EXERCISE PROMPT: Return each entry below word for word, leaving out any image.

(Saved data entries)
[Start of section]

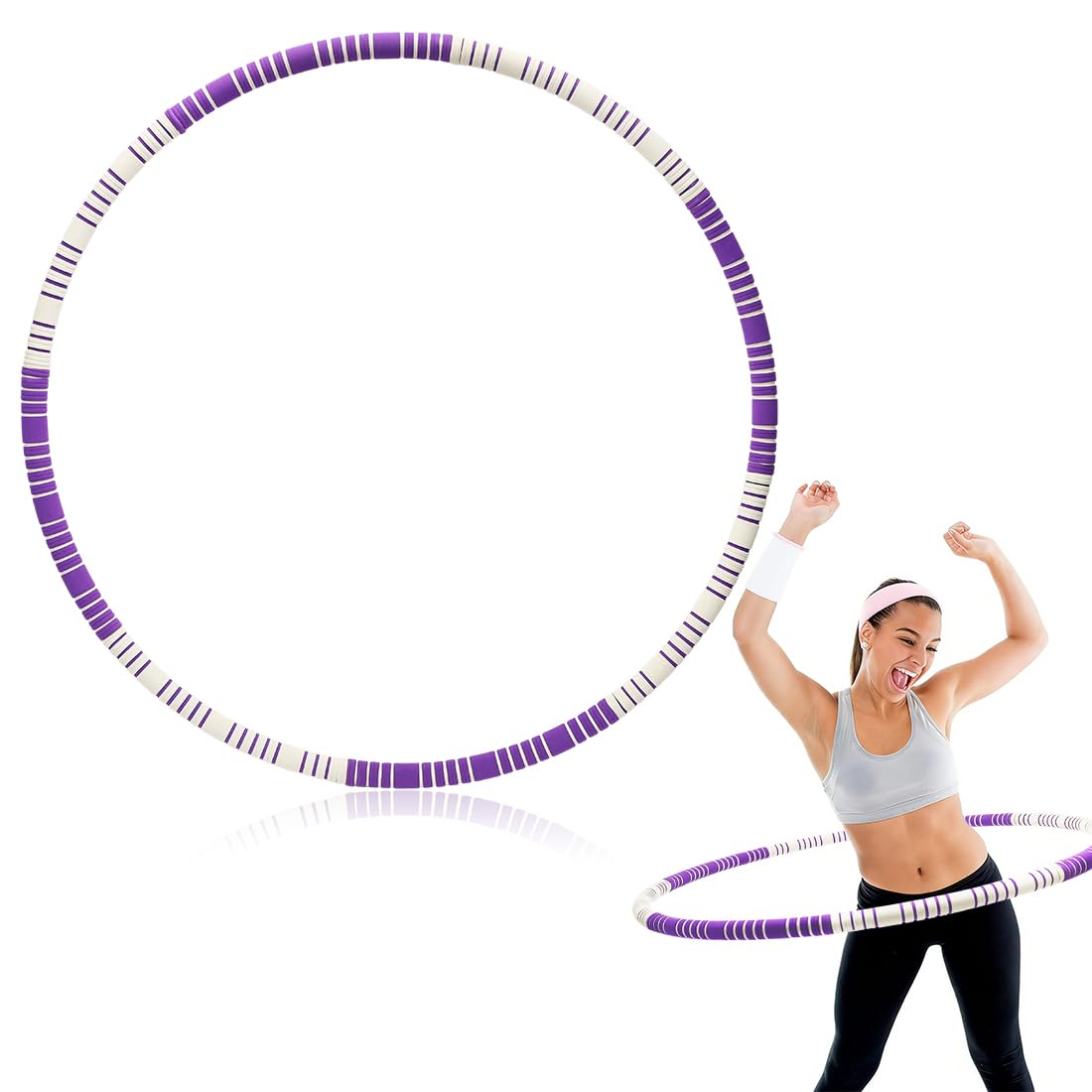 Hula hop dla dorosłych, 1,1 kg, obręcz do fitnessu, do ćwiczeń mięśni brzucha i spalania tłuszczu, do intensywnego treningu, 8 segmentów, zdejmowana reorganizacja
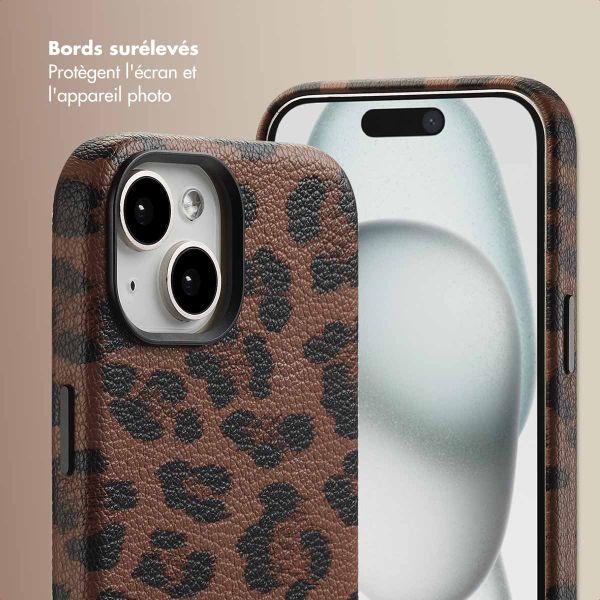 Selencia Coque Sabi imprimé panthère avec MagSafe Apple iPhone 15 - Mocha Brown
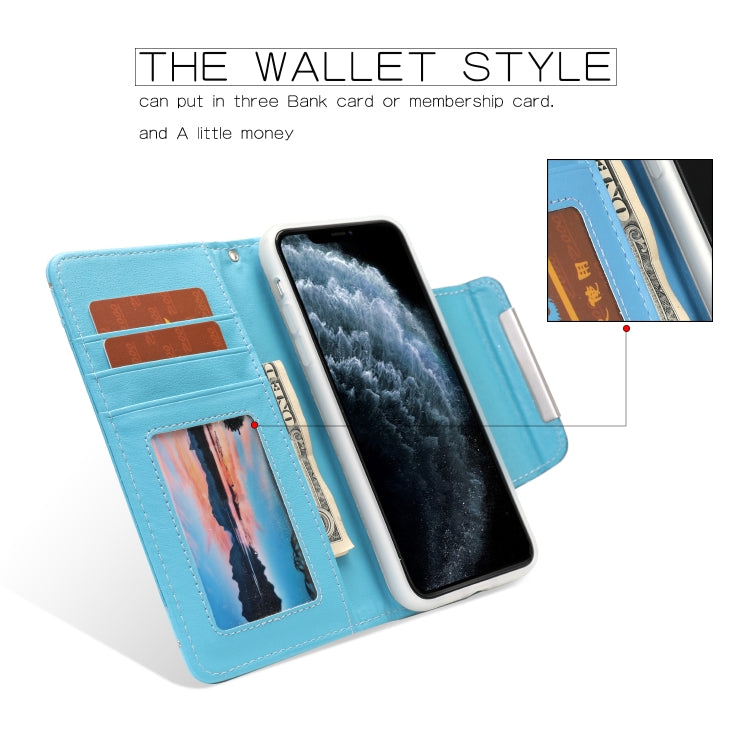 For iPhone 11 Separable Maple Leaf Flower Litchi Texture Flip Leather Case with Holder & Card Slot & Wallet & Lanyard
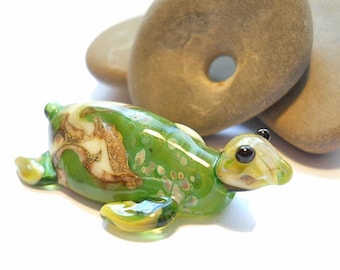 Bright Green Sea Turtle necklace with moon, Lamp Work Glass Bead pendant, ready to wear glass jewelry, Isinglass Design, glassbead, SRAJD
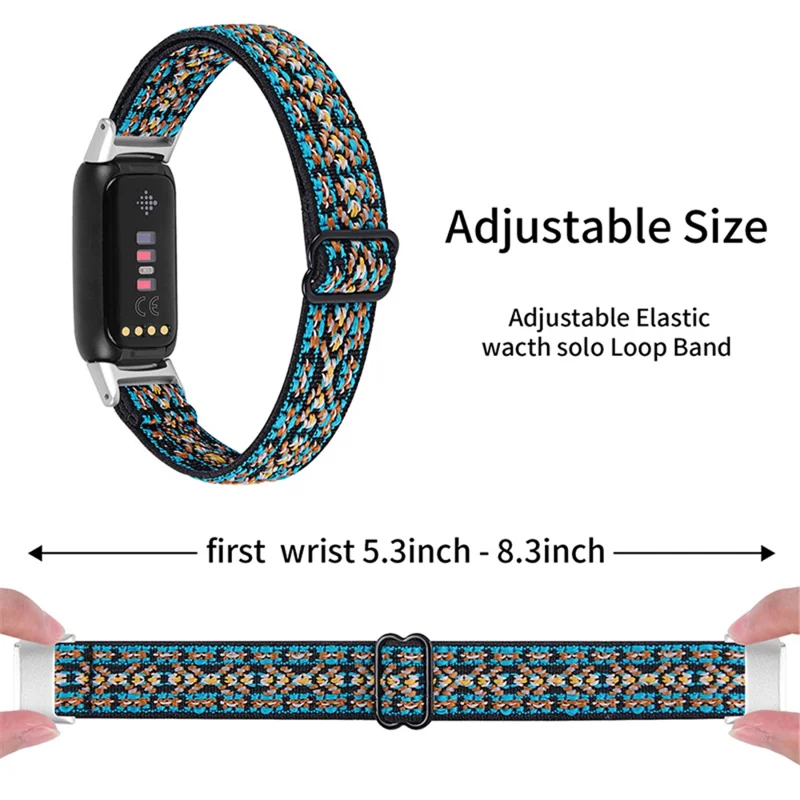 Elastic Nylon Watch Band Solo Loop Adjustable Strap Replacement for Fitbit Luxe - 4#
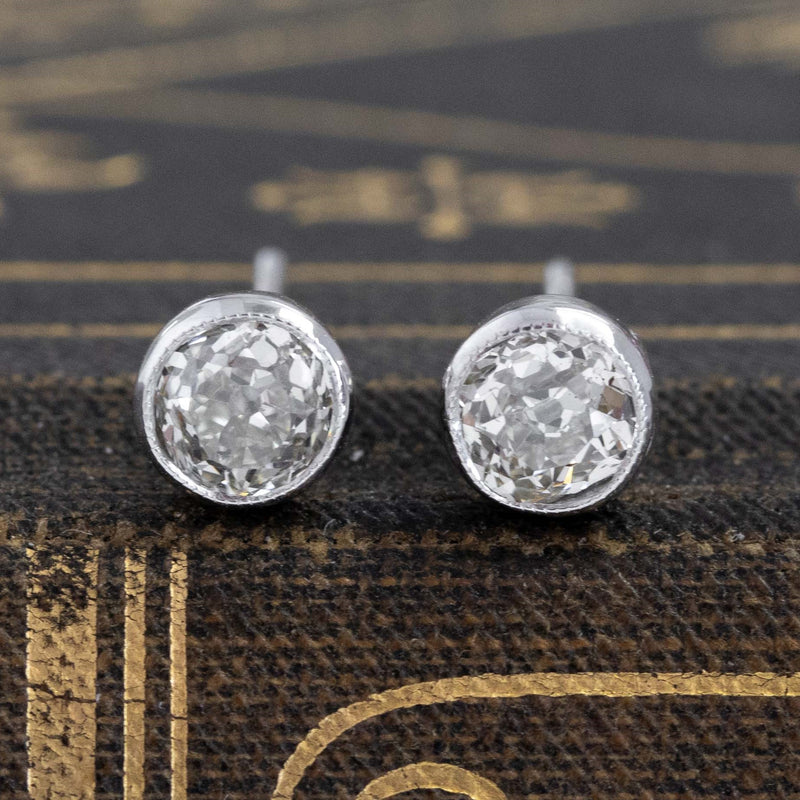 .91ctw Old European Cut Diamond Bezel Stud Earrings
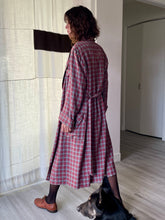 Load image into Gallery viewer, 1940s Red Plaid Wool Gabardine Robe w/ Belt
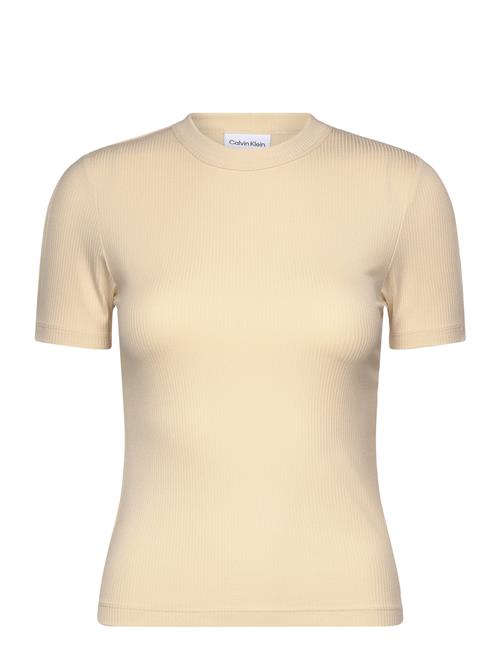 Modal Rib Slit Detail T-Shirt Ss Calvin Klein Cream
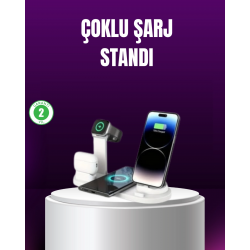 Mey İthalat® 15W Hızlı Şarj Destekli 4’ü 1 Arada Kablosuz Şarj İstasyonu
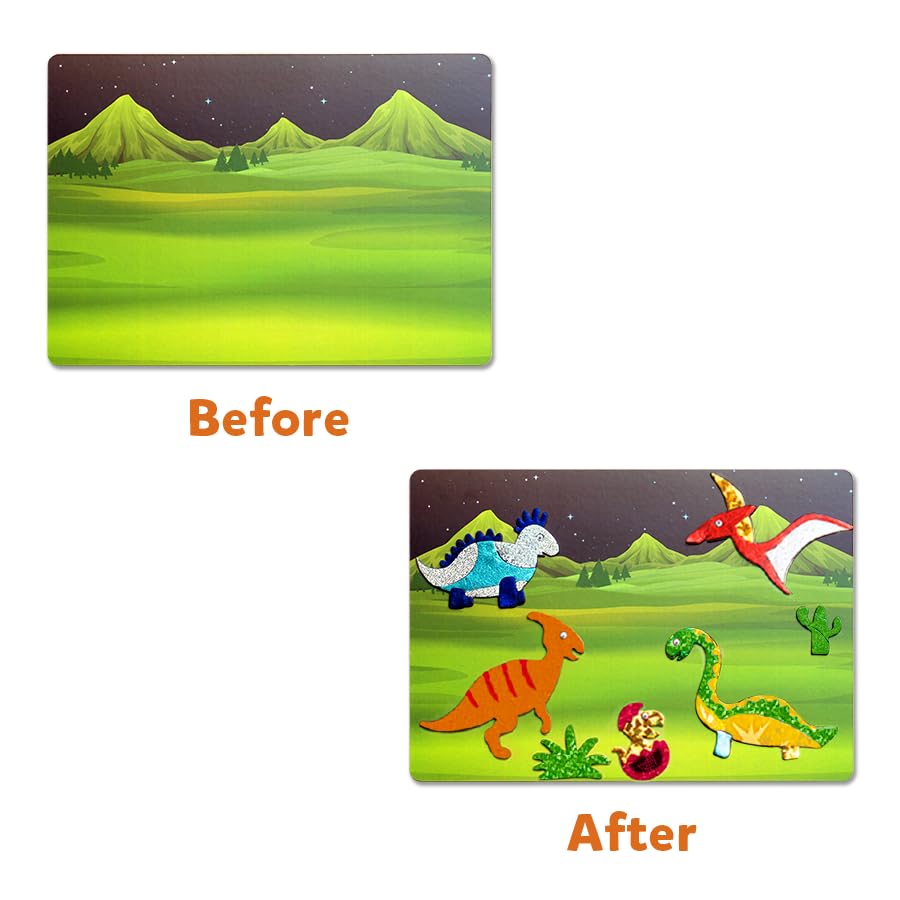Skillmatics Foil Fun Dinosaurs Craft Kit - No Mess Art for Kids, Multi-Color, Ages 4-9, Model SKILL295FFWD
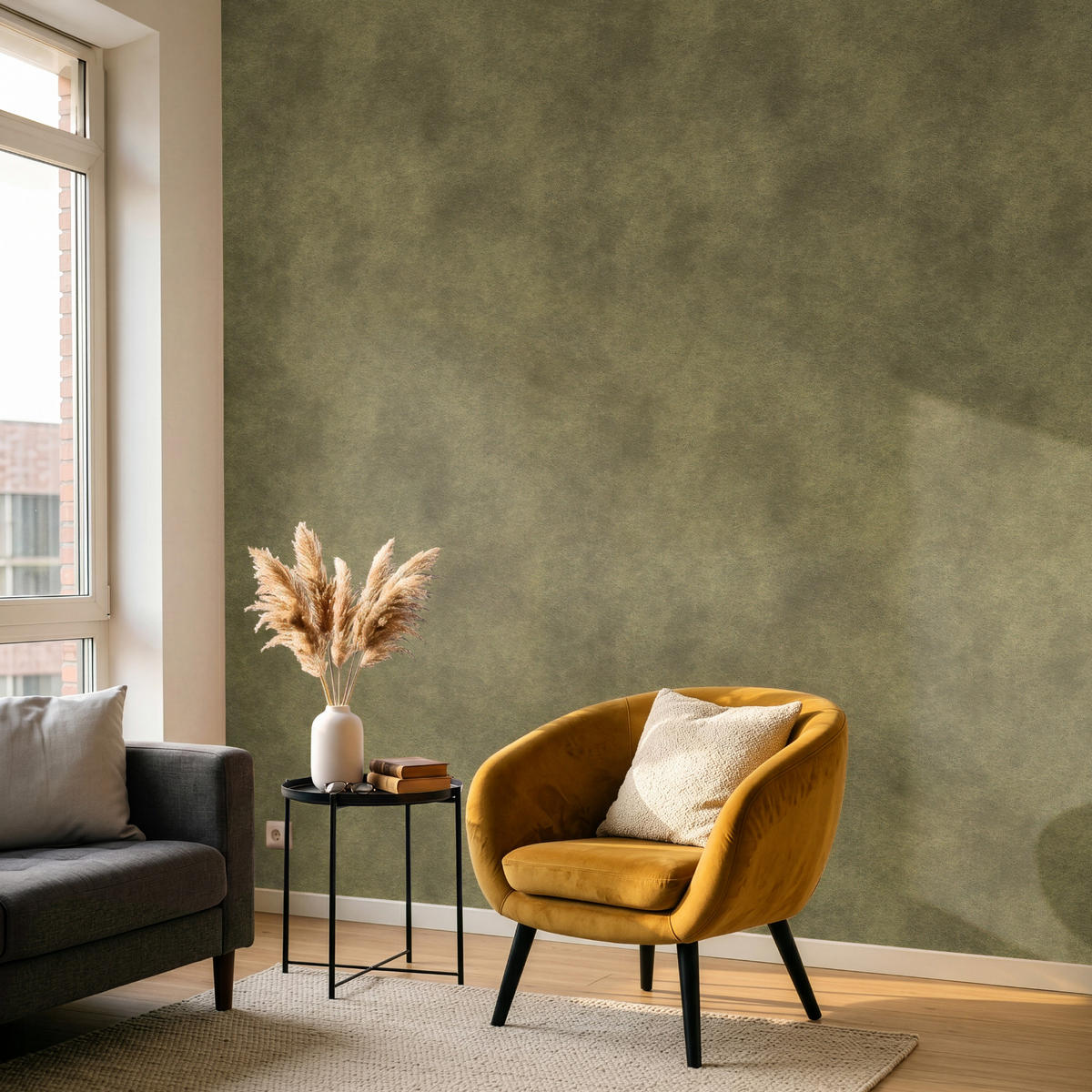 TAPETE - Textur - Abstrakt - Grün - 220x240 cm - Olivgrün, Papier (220/240cm) - OnlyWow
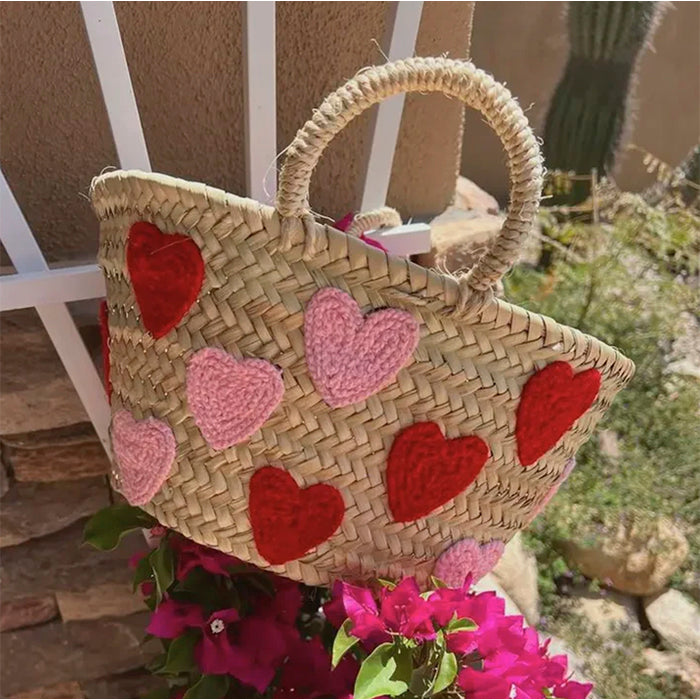 Petit Panier Coeur - rouge & rose
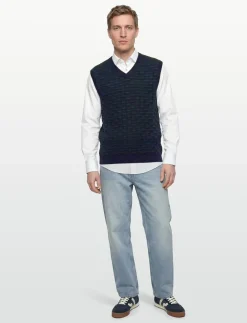 SKYLINE SWEATER VEST BASKETWEA - Strikveste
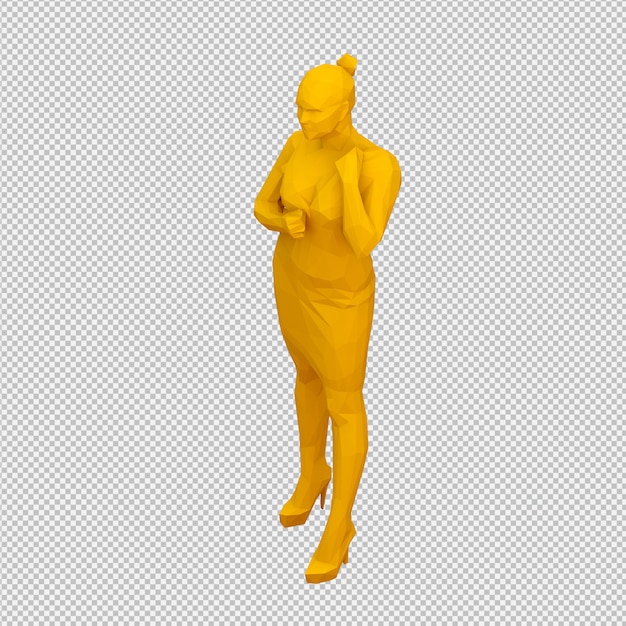 PSD rendu 3d isométrique de femme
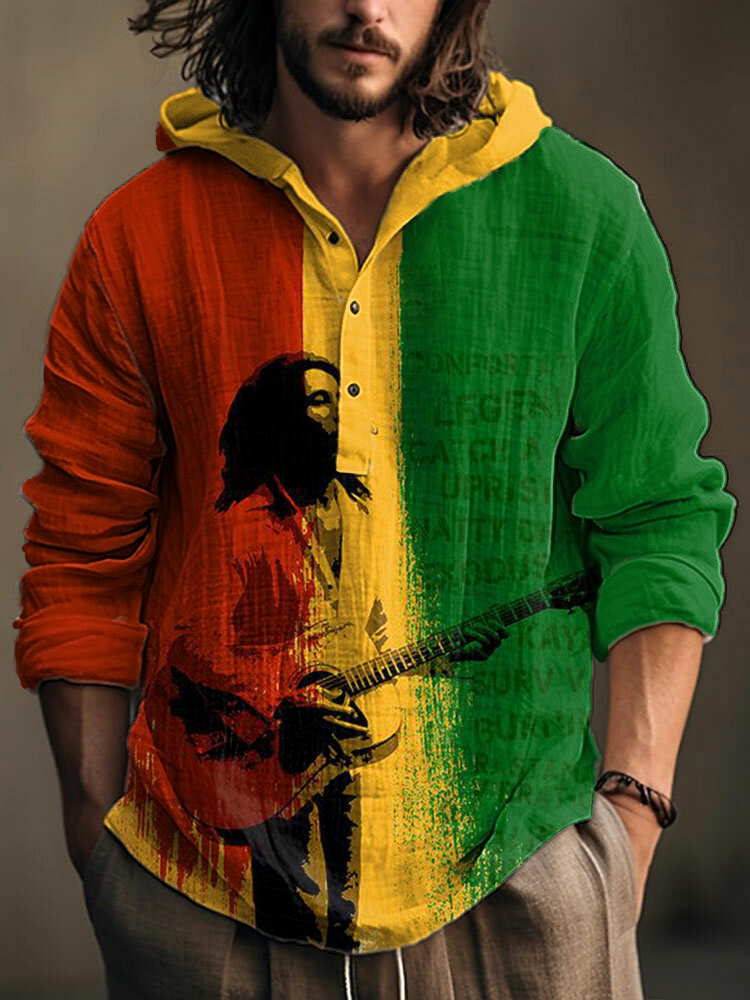 Comstylish Reggae Music Bob Marley Print Linen Blend Hooded Shirt
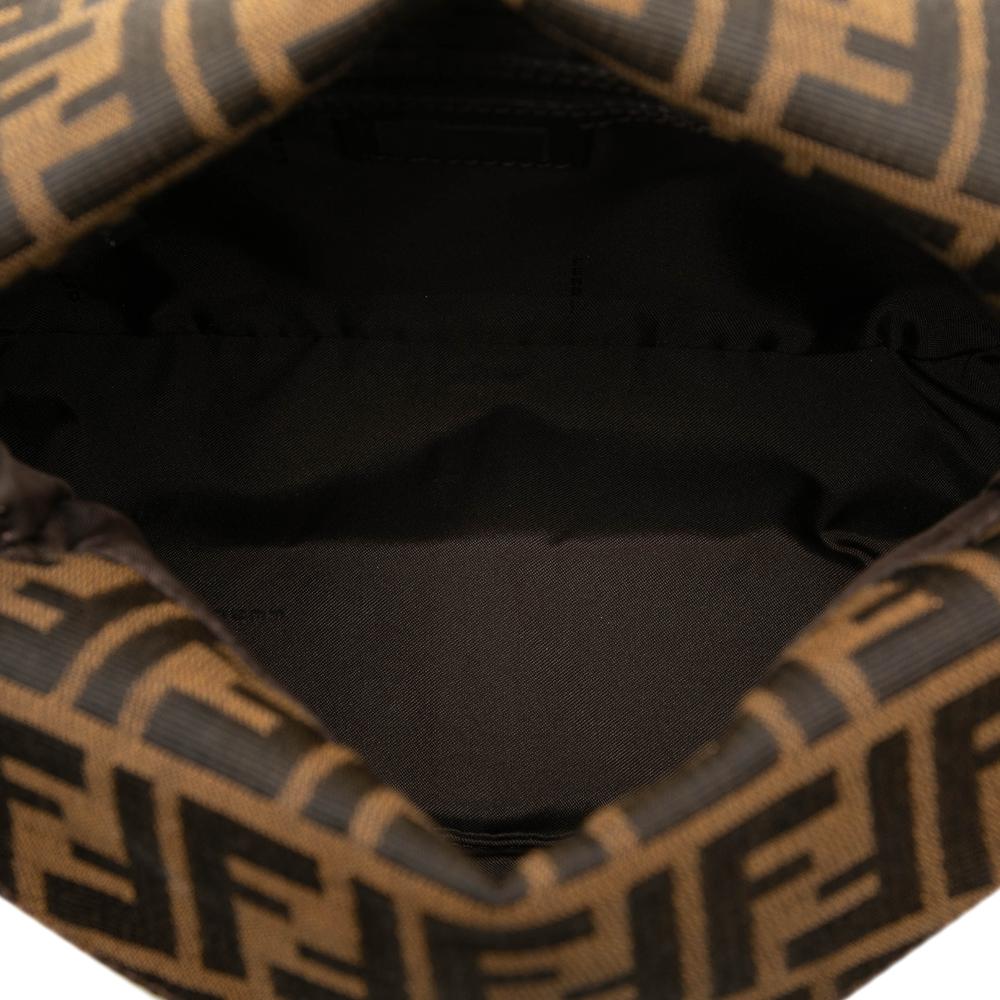 Fendi B Fendi Brown Canvas Fabric Zucca Double Flap Mamma Italy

[End of section]

RESPONSE BELOW:
 Hula hop dla dorosłych, 1,1 kg, obręcz do fitnessu, do ćwiczeń mięśni brzucha i spalania tłuszczu, do intensywnego treningu, 8 segmentów, zdejmowana reorganizacja
 Selencia Coque Sabi imprimé panthère avec MagSafe Apple iPhone 15 - Mocha Brown
 For iPhone 11 Separable Maple Leaf Flower Litchi Texture Flip Leather Case with Holder & Card Slot & Wallet & Lanyard
 Bright Green Sea Turtle necklace with moon, Lamp Work Glass Bead pendant, ready to wear glass jewelry, Isinglass Design, glassbead, SRAJD
 Elastic Nylon Watch Band Solo Loop Adjustable Strap Replacement for Fitbit Luxe - 4#
 .91ctw Old European Cut Diamond Bezel Stud Earrings
 Load image into Gallery viewer, 1940s Red Plaid Wool Gabardine Robe w/ Belt
 Modal Rib Slit Detail T-Shirt Ss Calvin Klein Cream
 Mey İthalat® 15W Hızlı Şarj Destekli 4’ü 1 Arada Kablosuz Şarj İstasyonu
Skillmatics Foil Fun Dinosaurs Craft Kit - No Mess Art for Kids, Multi-Color, Ages 4-9, Model SKILL295FFWD
 TAPETE - Textur - Abstrakt - Grün - 220x240 cm - Olivgrün, Papier (220/240cm) - OnlyWow
 Petit Panier Coeur - rouge & rose
 SKYLINE SWEATER VEST BASKETWEA - Strikveste
 PSD rendu 3d isométrique de femme
 Comstylish Reggae Music Bob Marley Print Linen Blend Hooded Shirt
 Fendi B Fendi Brown Canvas Fabric Zucca Double Flap Mamma Italy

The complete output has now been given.